### [Input data]
---

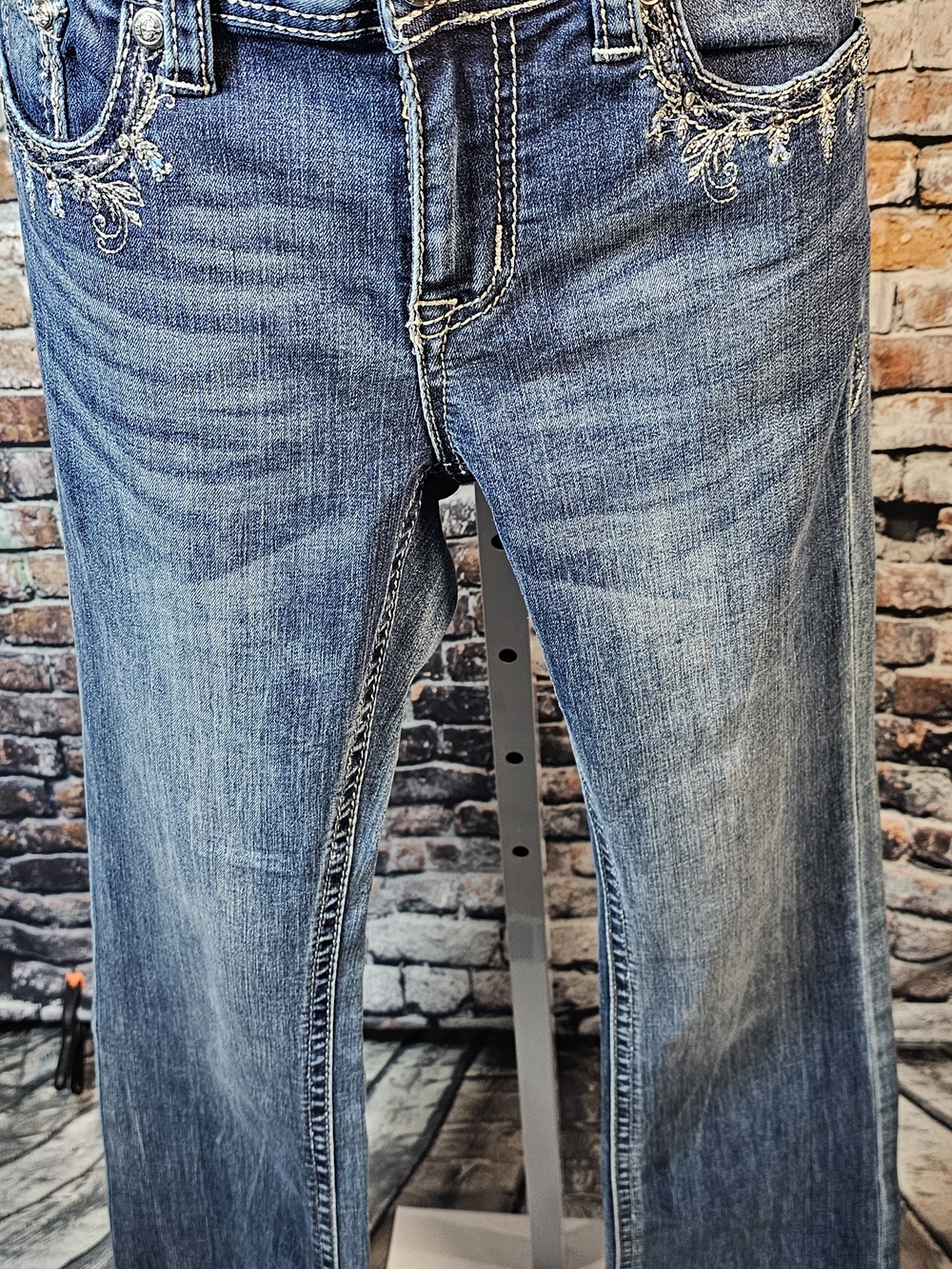 Grace in LA Easy Fit Jeans Size 27 Bootcut Cross Pocket Embellished Medium Wash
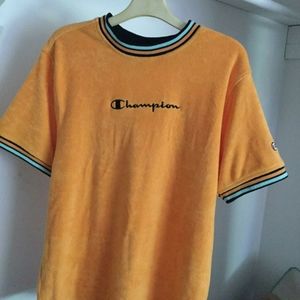 Champion T-shirt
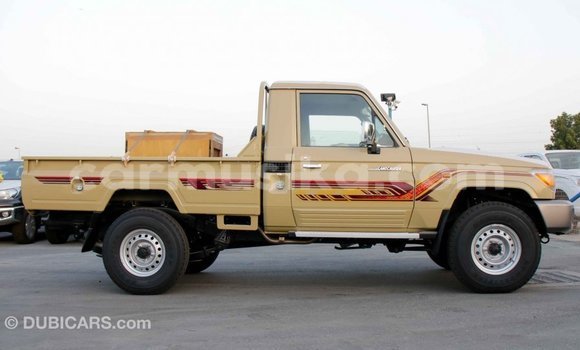 Buy Import Toyota Land Cruiser Beige Car in Import - Dubai in Harare Buy Import Toyota Land Cruiser Beige Car in Import - Dubai in Harare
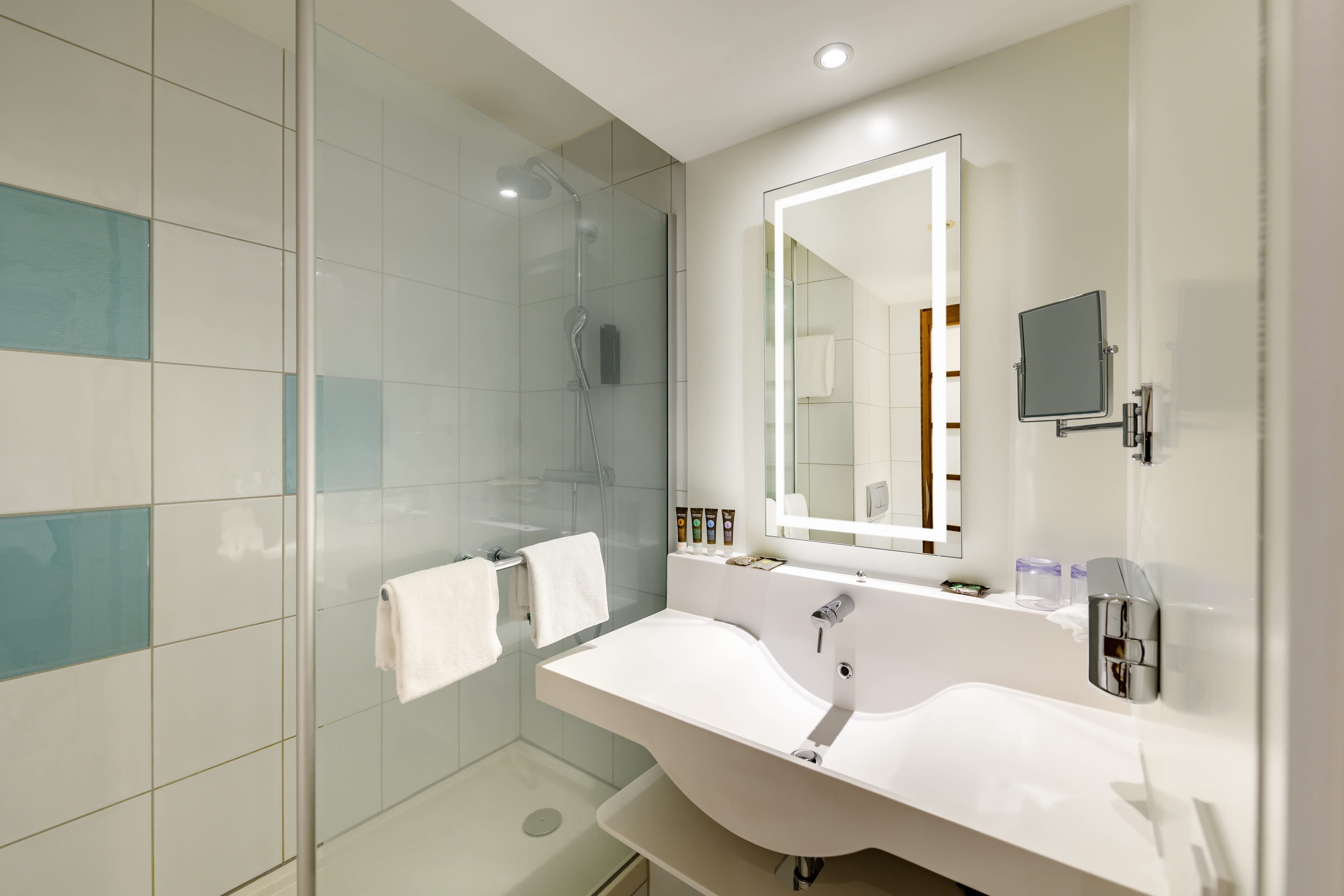 Hotel Novotel Zürich City West Ansicht 8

---

### [Your instructions]
All text in the material above must be written out exactly; the images are to be skipped.

### [Answer area]
 Grace in LA Easy Fit Jeans Size 27 Bootcut Cross Pocket Embellished Medium Wash
 Champion T-shirt
 Buy Import Toyota Land Cruiser Beige Car in Import - Dubai in Harare Buy Import Toyota Land Cruiser Beige Car in Import - Dubai in Harare
 Hotel Novotel Zürich City West Ansicht 8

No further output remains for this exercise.